REQUIRED ACTION =>
All of the data below should be set down again verbatim, without any images.

DATA BLOCK =>
■ ■ ■ ■ ■ ■ ■

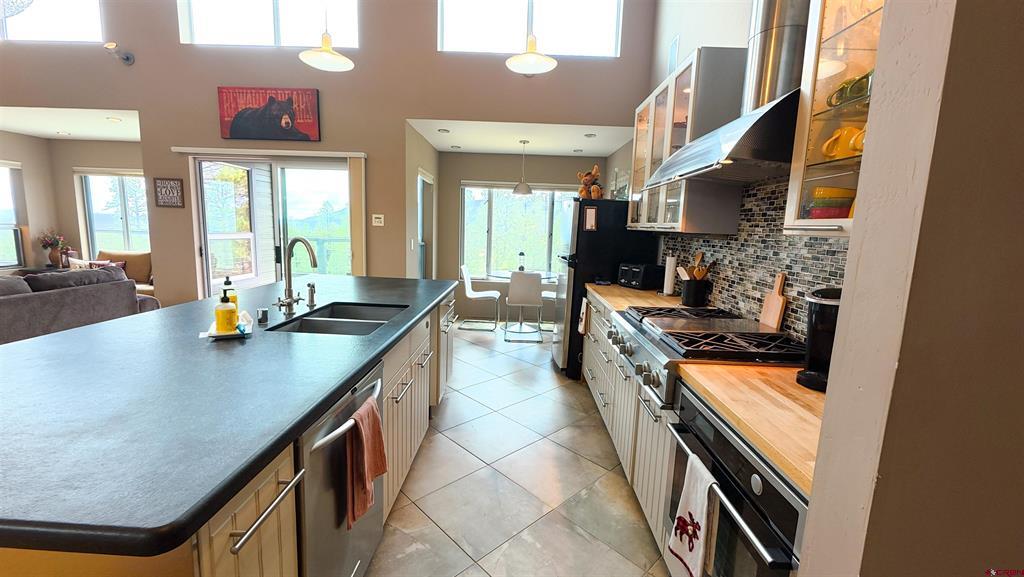 609 S Black Bear Place Property Photo 19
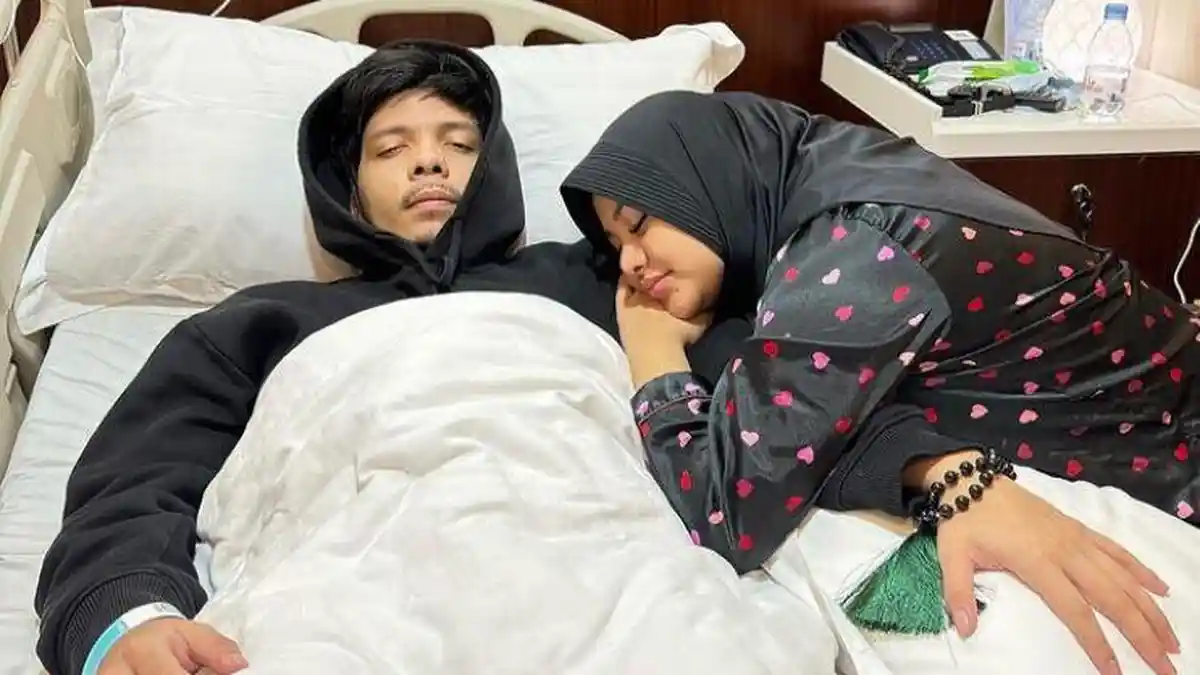 7 Momen Atta Halilintar Terpaksa Dioperasi karena Sakit, Aurel Hermansyah Setia Menemani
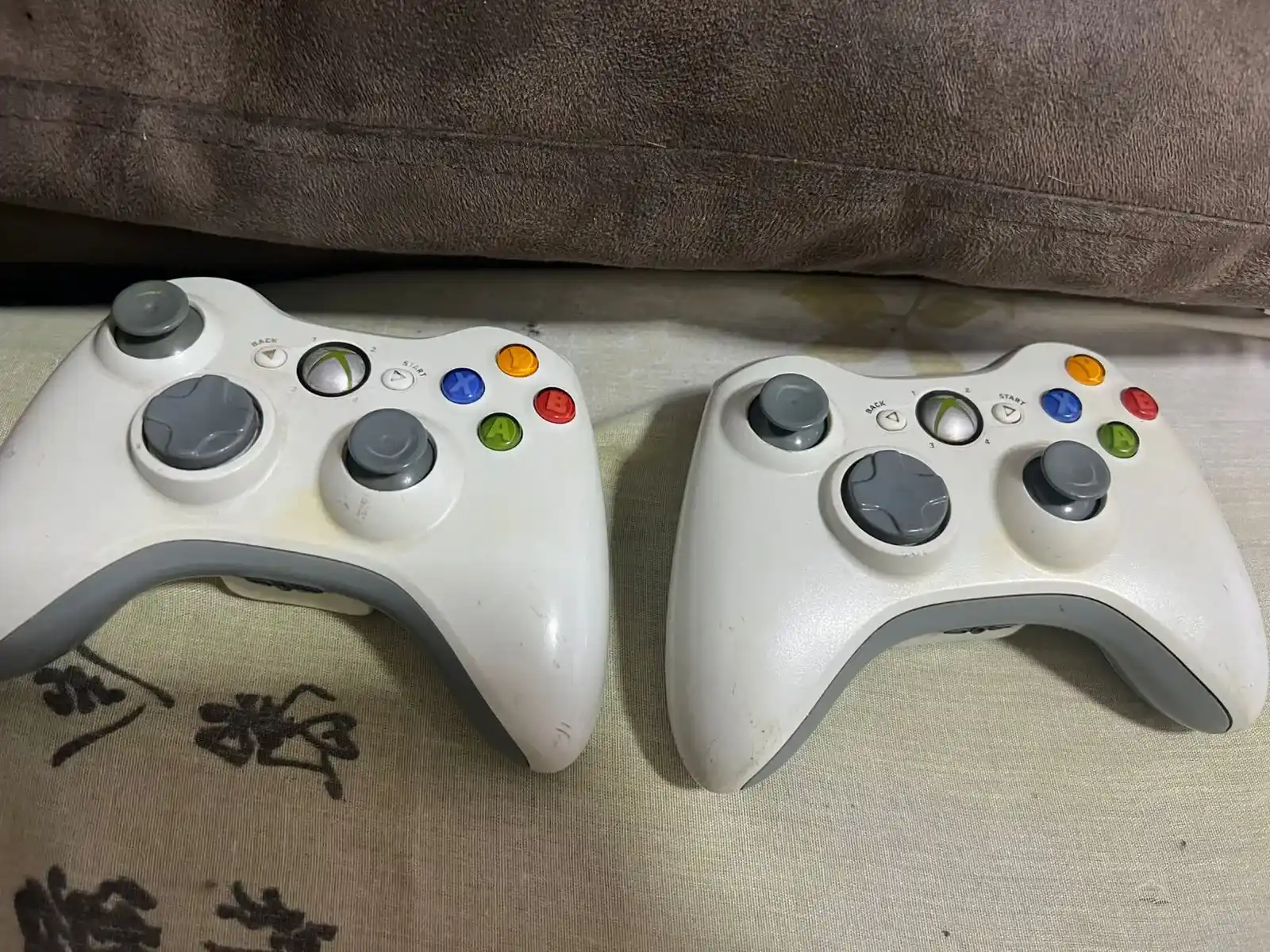 CB/  Erick Torres /CONTROLES BRANCOS XBOX 360 ORIGINAIS , 80,00 SEGUIDOS DE 9,00😍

■ ■ ■ ■ ■ ■ ■

OUTPUT BELOW =>
 609 S Black Bear Place Property Photo 19
 7 Momen Atta Halilintar Terpaksa Dioperasi karena Sakit, Aurel Hermansyah Setia Menemani
 CB/  Erick Torres /CONTROLES BRANCOS XBOX 360 ORIGINAIS , 80,00 SEGUIDOS DE 9,00😍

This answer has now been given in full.